Credits

I would like to give credit where credit is due. Videos are from YouTube and other sources such as NicoNico while Oricon rankings and other information are translated from the Japanese Wikipedia unless noted.

Sunday, May 12, 2013

Mizue Takada -- Namida no Jiruba (涙のジルバ)


Although I first heard Mizue Takada(高田みづえ) via an audiotape of kayo kyoku songs that I had brought back from Japan ("Watashi wa Piano" and "Ai wa Imagination"), the 1981 Kohaku Utagassen broadcast here in Toronto in January 1982 was my first time to actually see the singer in the flesh. The song she came out with was "Namida no Jiruba" (Tearful Jitterbug), an interesting mesh of 70s aidoru pop with a bit of the synths that were starting to be used with the 80s aidorus.

Written by Kyoko Matsumiya(松宮恭子)and composed by Tadashige Matsui(松井忠重), Takada's 14th single isn't quite up there with the first two songs I mentioned, and the song itself only went as high as No. 22 on the Oricon weeklies. However, hearing the actual song on YouTube instead of the rushed and shortened Kohaku-orchestrated version has given me a bit more of a higher impression, and it stands out from the Latin of "Watashi wa Piano" and the ballad "Ai wa Imagination".

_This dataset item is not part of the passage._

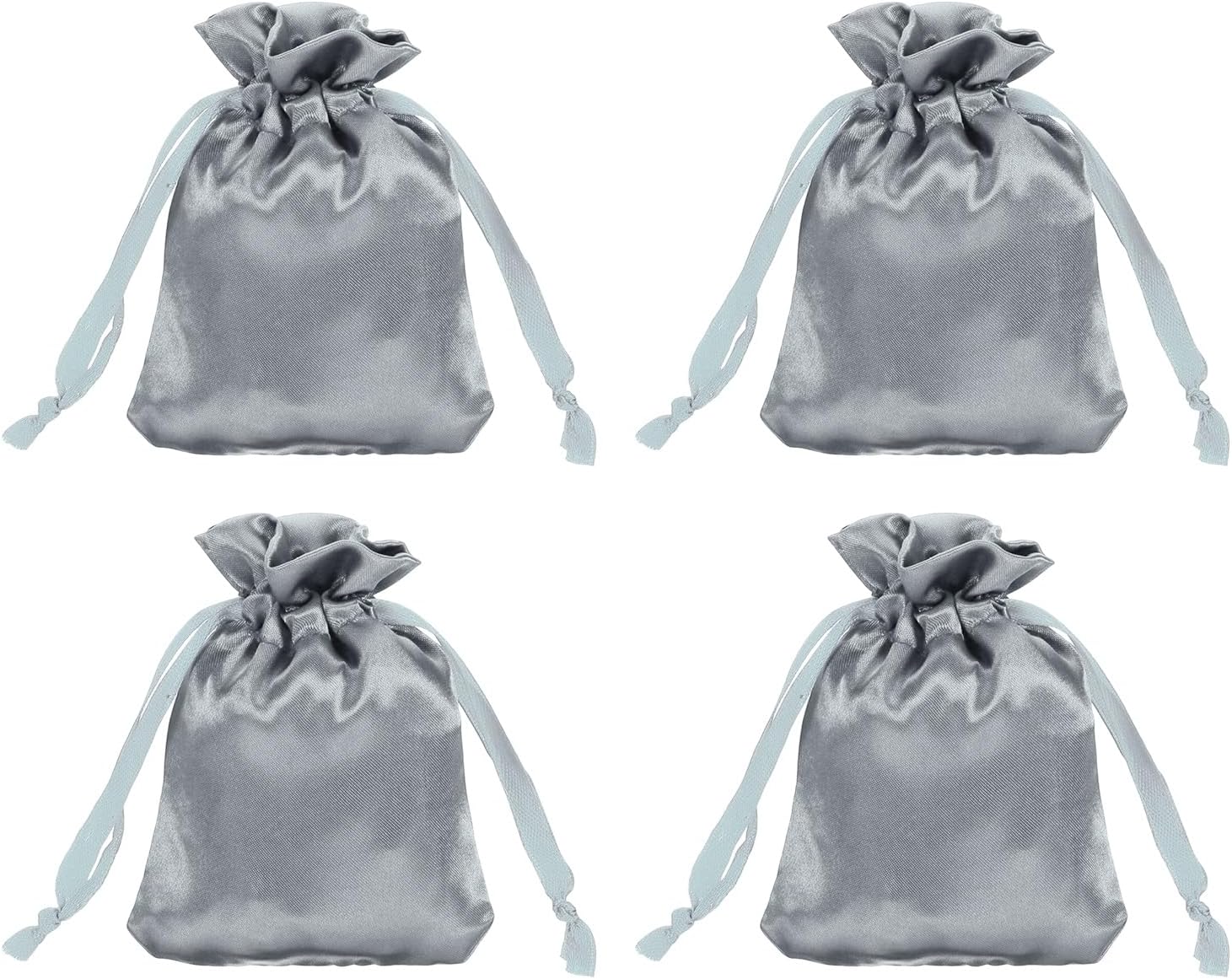 MECCANIXITY Satin Bags with Drawstring, 3x4 Inch Wedding Favor Bag Mini Gift Packaging Bag for Birthday Christmas Jewelry Party (Grey, Pack of 4)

As for the title, there seemed to have been a bit of a Lego approach to coming up with song titles back then. "Namida no..." was a popular "brick" to use, and "jiruba" may have been a trendy word to use at a time when all those dancers in Harajuku were applying some of the old dances around that time.

1 comment:

  1. Thanks J-Canuck for this 懐かしい post on 高田みづえ's 「涙のジルバ」. This is a pretty good song but I agree it's definitely not as great as her signature songs 「私はピアノ」, 「愛のイマジネーション」, 「ガラスの花」 and 「潮騒のメロディー」.